Wednesday, September 22, 2010

ICS-CERT Advisory – BACnet OPC Client

Last Friday I did a quick post about a control system vulnerability alert sent out by DHS ICS-CERT. Today the ICS-CERT folks have posted an ‘Advisory’ on the same vulnerability with additional information including mitigation measures to take to deal with the vulnerability in the SCADA Engine® BACnet OPC Client.

The Vulnerability

As I noted in the earlier blog the BACnet OPC Client allows communications between a workstation and the BACnet OPC server, which in turn allows for control of a number of building environmental, safety, and security controls. A successful exploitation of the vulnerability (a stack-based buffer overflow in SCADA Engine’s BACnet OPC Client; for those with more of a technical background than I have) “results in arbitrary code execution potentially leading to a system compromise” (pg 2).

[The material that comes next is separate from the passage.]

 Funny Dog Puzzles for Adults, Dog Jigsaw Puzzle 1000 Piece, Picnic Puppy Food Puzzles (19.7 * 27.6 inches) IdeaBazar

I was kind of confused when the alert came out last Friday because it noted that ICS-CERT was in the process of contacting the vendor. The ICS-CERT vulnerability disclosure policy typically involves contacting the vendor and allowing a reasonable time to get mitigation measures developed before publicly announcing a vulnerability. The wording of the Alert did not seem to indicate that this was being done.

The reason for that deviation from policy is now apparent. There was an exploit code published on this vulnerability so anyone using this software was potentially at a real risk of attack. Typically security researchers don’t publish an exploit code without allowing the vendor to develop their mitigation efforts. The reason that Jeremy Brown (the researcher who discovered this vulnerability) did not wait is clear from the introduction to the exploit code; he maintains that SCADA Engine blew him off when he contacted them about the vulnerability.

The Mitigation

The vulnerability was discovered in version 1.0.24. A later version (1.0.025) has the vulnerability corrected. The new version is supposed to be downloadable from the SCADA Engine web site, but today the URL simply returns an “Internet Explorer cannot display the webpage” error message. They did work last Friday when I was preparing the earlier blog posting; probably too much traffic to the site.

As is usual with any mitigation measure for a control system that requires updating the software, ICS-CERT provides the following caution statement (pg 3):

“ICS-CERT reminds organizations that proper impact analysis and risk assessment should be performed prior to taking defensive measures.”